40. My business is in a regulated industry (real estate, securities, accounting). Does this affect my licence?

Possibly — some professional regulators have specific reporting requirements or restrictions for licensees who become bankrupt. A Consumer Proposal usually has fewer professional consequences than bankruptcy. Check your regulatory body rules and discuss with your LIT before filing.

41. What happens if my income drops and I cannot make my proposal payments?

You can miss up to two payments without consequence. If you miss three, the proposal is automatically deemed annulled and all your original debts come back. Before that happens, your LIT can file an amended proposal asking creditors to accept a lower payment.

42. What if I get a windfall during the proposal — a contract, an inheritance, a tax refund?

Inheritances and lottery winnings received during the proposal do not typically increase your payment unless your proposal says so (most do not). Tax refunds for the year of filing are typically applied against the proposal claim by CRA. Your LIT can give you specifics.

43. Can I cancel the proposal and switch to bankruptcy mid-way?

There is no direct conversion mechanism, but the path exists. You can stop making payments, which results in the proposal being annulled, and then file a fresh assignment in bankruptcy with your Licensed Insolvency Trustee. The strategic considerations — timing, whether to amend the proposal first, whether bankruptcy actually improves your position — are exactly the kind of judgment call your LIT walks you through before you commit to either path.

44. Can I file a second Consumer Proposal later if I run into trouble again?

It depends on how the first one ended.

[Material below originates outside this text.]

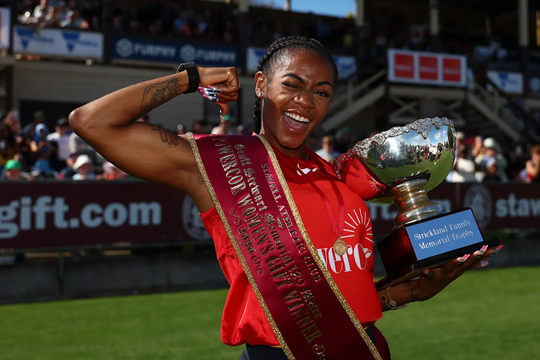 Ngôi sao tốc độ Mỹ lập kỳ tích dù xuất phát cuối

If you fully completed your previous Consumer Proposal, there is technically no limit on the number of Consumer Proposals you can file over the course of your life, and each new one is assessed on its merits. If your previous Consumer Proposal was annulled — cancelled for non-payment or by court order — special rules apply that generally prevent a second Consumer Proposal from being filed without a court order. Multiple bankruptcies, by contrast, carry escalating consequences (longer time to discharge, longer credit impact).

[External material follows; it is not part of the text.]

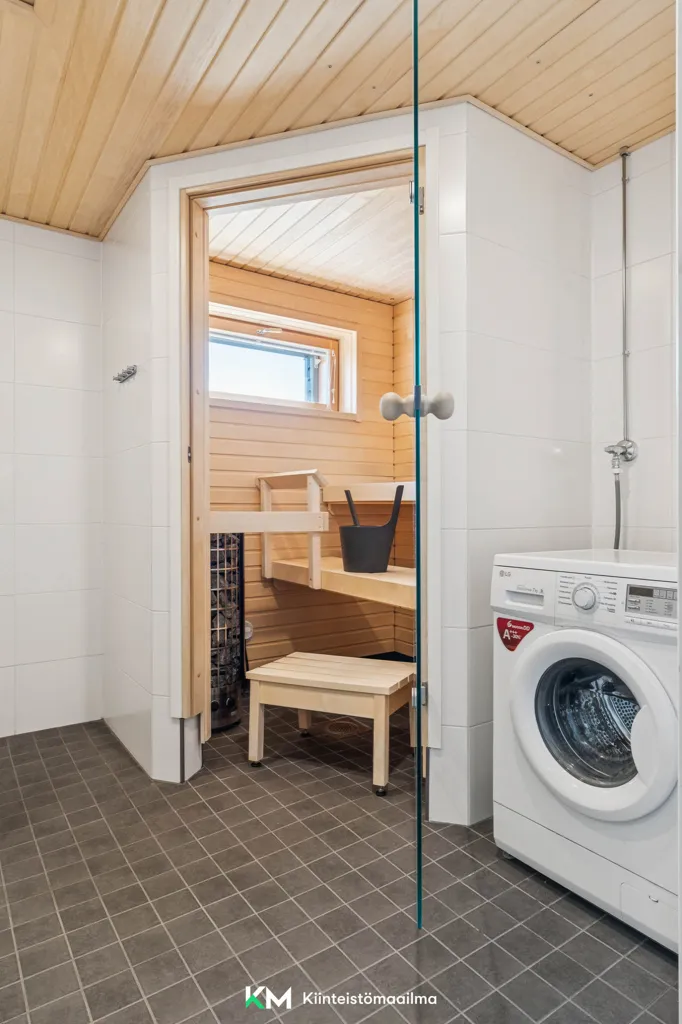 Toad - Bright Apartment with Balcony in Espoo Centre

45. What is the Taxpayer Relief Program and could it help me instead?

Under section 220(3.1) of the ITA, CRA has discretion to waive or cancel penalties and interest (not principal) in cases of financial hardship, serious illness, CRA error, or extraordinary circumstances like natural disasters. It does not reduce the underlying tax owed, but for some people, removing the penalties and interest makes a manageable balance out of an unmanageable one.

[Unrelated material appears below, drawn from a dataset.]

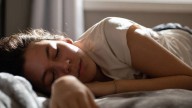 ¿Qué rutinas puedes implementar para dormir mejor por las noches?
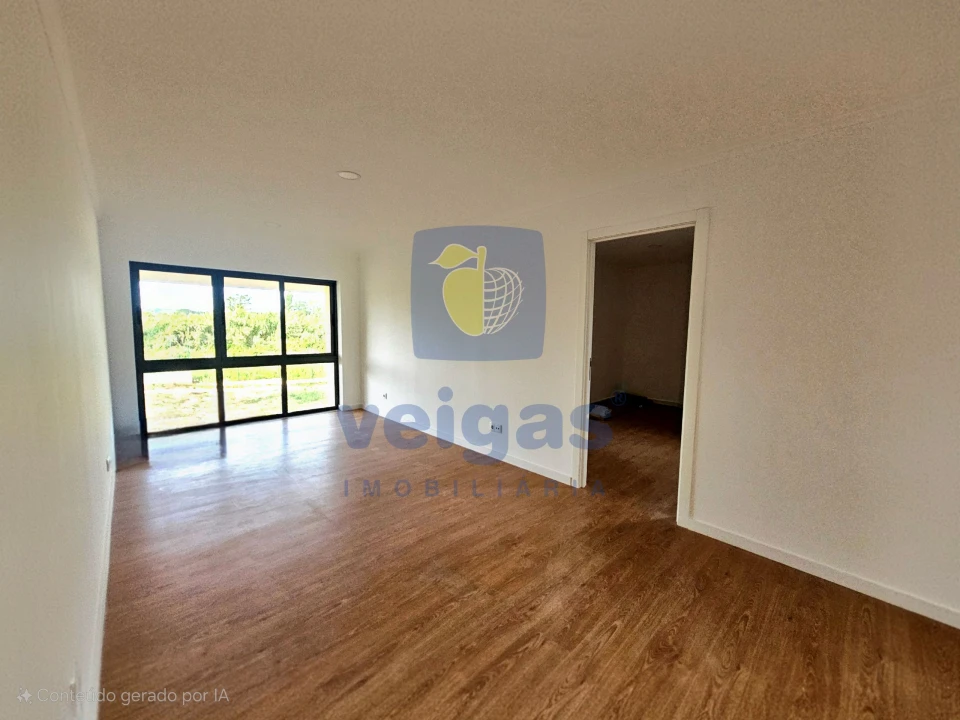 Apartamento T4 para Venda em Bombarral e Vale Covo Foto 7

46. Should I file a Notice of Objection first to dispute the amount CRA says I owe?

If you genuinely believe CRA assessment is wrong, filing a Notice of Objection within 90 days of the Notice of Assessment is the right path. For income tax (not GST/HST or payroll), filing an objection generally suspends collection while the objection is being considered. Note that an objection does not help if you agree you owe the money and just cannot pay it.

47. Can a tax lawyer reduce what I owe CRA without filing insolvency?

No. CRA will not negotiate the principal tax amount outside a formal insolvency process. A tax lawyer can dispute an assessment, negotiate payment terms, or argue penalty/interest relief — but they cannot legally settle the principal for less. Only a Consumer Proposal, Division I Proposal, or bankruptcy filed through a Licensed Insolvency Trustee can do that.

48. What about debt consolidation companies that advertise “settle your CRA debt for pennies on the dollar”?

Approach with extreme caution. Only Licensed Insolvency Trustees are legally permitted to settle CRA debt for less than the full amount, and only through a formal BIA proceeding. Companies marketing “tax debt settlement” often charge upfront fees and then refer you to an LIT anyway — the same LIT you could have called directly for free.